After a quick lunch Avaya and I arrived at ACADEMY. I found some golf balls and we then took a look at the junior clubs. Showing some enthusiasm, she picked out a putter that she was drawn to and I spent $20 on it. 30 minutes later, we were both putting near the clubhouse. Although it held her interest for a while I could see that it wouldn’t for long. We loaded up a cart and drove to the first tee box. We had the course pretty much to ourselves and I let her “tee off” with her putter. We had a good laugh and then she seemed to be content with watching me. I had her drop a ball on the first green and we both putted to the hole. It went like that for a couple of holes and then she climbed behind the wheel of the golf cart as I was teeing off at hole 4 or 5. When I came back to the cart she looked up at me and I looked back at her. I asked “Do you want to drive us to the next hole?” That’s all it took. Amazingly, this 4-year old granddaughter drove that cart like she had been driving it all of her life and half of mine! She slowly braked at each stop and she waited patiently as I took each shot. Avaya and I both had a great time and laughed as if we were getting away with something. Actually, we were. If the owner of the golf course had seen her driving his cart he would have kicked both of us off of his course. One had to offer up a valid driver’s license in order to drive a cart and Avaya was 12 years away from getting one of those. I explained it to her and I took over the driving when we got close to the clubhouse. It wasn’t until we were out of sight that she took over again.
The years have gone by fast and the two of us often remark on this memory that we made together. She hasn’t been on a golf course since that day and now instead plays soccer, basketball, and volleyball in her free time. I’m proud of the young woman she has become and I look forward to seeing where her life will take her. She is smart and has a lot of integrity. She doesn’t boast, brag, or condemn. She’s a listener, and an observer, and her heart is empathetic to others around her. She is good at teaching and directing others and I think that she will make a difference in the world. What I like most about her is that she is often smiling and her eyes smile really big.

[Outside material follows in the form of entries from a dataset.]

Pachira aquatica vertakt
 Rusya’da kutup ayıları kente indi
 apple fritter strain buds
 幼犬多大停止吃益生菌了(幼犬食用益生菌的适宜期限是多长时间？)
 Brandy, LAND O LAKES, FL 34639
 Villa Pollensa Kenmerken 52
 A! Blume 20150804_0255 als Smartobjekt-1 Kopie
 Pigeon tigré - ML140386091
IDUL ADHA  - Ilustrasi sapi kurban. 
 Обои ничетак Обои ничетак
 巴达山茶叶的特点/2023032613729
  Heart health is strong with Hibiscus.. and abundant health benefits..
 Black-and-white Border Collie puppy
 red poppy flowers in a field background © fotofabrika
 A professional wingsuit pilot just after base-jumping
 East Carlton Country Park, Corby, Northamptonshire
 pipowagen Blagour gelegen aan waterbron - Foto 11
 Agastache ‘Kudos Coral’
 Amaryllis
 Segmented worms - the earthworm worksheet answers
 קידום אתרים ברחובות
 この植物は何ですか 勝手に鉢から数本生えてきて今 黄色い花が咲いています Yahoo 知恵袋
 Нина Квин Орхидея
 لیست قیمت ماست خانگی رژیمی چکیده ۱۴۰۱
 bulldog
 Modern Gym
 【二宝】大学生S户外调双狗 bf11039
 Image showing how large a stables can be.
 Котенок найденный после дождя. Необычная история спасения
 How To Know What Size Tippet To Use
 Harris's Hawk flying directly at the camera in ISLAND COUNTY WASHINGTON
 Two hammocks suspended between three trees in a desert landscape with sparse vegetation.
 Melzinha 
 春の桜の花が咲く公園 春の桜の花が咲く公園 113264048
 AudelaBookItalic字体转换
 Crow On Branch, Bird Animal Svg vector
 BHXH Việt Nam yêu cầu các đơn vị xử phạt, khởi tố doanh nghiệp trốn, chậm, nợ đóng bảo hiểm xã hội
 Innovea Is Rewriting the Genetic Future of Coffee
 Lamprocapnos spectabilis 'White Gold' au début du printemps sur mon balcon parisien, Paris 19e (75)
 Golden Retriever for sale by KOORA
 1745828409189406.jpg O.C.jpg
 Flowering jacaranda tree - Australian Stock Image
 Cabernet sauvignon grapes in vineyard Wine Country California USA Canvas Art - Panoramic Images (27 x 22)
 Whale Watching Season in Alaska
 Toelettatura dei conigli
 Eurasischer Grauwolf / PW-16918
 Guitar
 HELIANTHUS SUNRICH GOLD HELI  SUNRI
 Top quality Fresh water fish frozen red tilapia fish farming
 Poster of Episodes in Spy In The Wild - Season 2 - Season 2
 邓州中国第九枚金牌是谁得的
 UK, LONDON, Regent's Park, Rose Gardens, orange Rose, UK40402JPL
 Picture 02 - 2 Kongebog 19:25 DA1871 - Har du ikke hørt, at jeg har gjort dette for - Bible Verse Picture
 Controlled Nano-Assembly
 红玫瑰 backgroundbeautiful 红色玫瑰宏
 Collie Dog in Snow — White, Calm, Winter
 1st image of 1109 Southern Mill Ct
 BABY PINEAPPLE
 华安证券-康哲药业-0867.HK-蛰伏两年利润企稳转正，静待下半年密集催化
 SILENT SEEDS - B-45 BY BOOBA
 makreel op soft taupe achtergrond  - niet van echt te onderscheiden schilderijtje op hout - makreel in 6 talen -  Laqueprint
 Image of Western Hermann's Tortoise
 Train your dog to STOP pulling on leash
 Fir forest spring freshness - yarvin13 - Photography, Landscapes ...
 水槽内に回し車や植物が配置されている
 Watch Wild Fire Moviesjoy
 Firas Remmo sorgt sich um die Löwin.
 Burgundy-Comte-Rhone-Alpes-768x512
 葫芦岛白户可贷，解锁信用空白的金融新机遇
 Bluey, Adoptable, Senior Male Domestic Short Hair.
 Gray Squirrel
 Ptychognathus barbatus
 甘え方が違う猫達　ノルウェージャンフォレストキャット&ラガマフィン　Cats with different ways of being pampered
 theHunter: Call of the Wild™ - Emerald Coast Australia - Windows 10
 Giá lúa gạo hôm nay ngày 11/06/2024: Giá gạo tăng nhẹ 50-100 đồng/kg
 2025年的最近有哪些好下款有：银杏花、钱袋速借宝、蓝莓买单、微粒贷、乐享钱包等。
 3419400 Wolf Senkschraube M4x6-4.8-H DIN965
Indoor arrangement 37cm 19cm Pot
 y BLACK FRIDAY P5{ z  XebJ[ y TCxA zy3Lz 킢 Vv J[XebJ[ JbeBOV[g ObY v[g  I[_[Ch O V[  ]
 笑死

Ronnie and Roger both walked up to the green and saw me bending over to putt my ball in the hole. “Where did you get that putter?” one of them asked. “It’s an old one I had in my bag!” I answered. I two-putted the ball for par. “That’s a good putter even if it is short!” one of them exclaimed. “Yup, I think that I’ll use it for the rest of the game,” I said. I ended up shooting an 89 that day, and my putts were the best ever.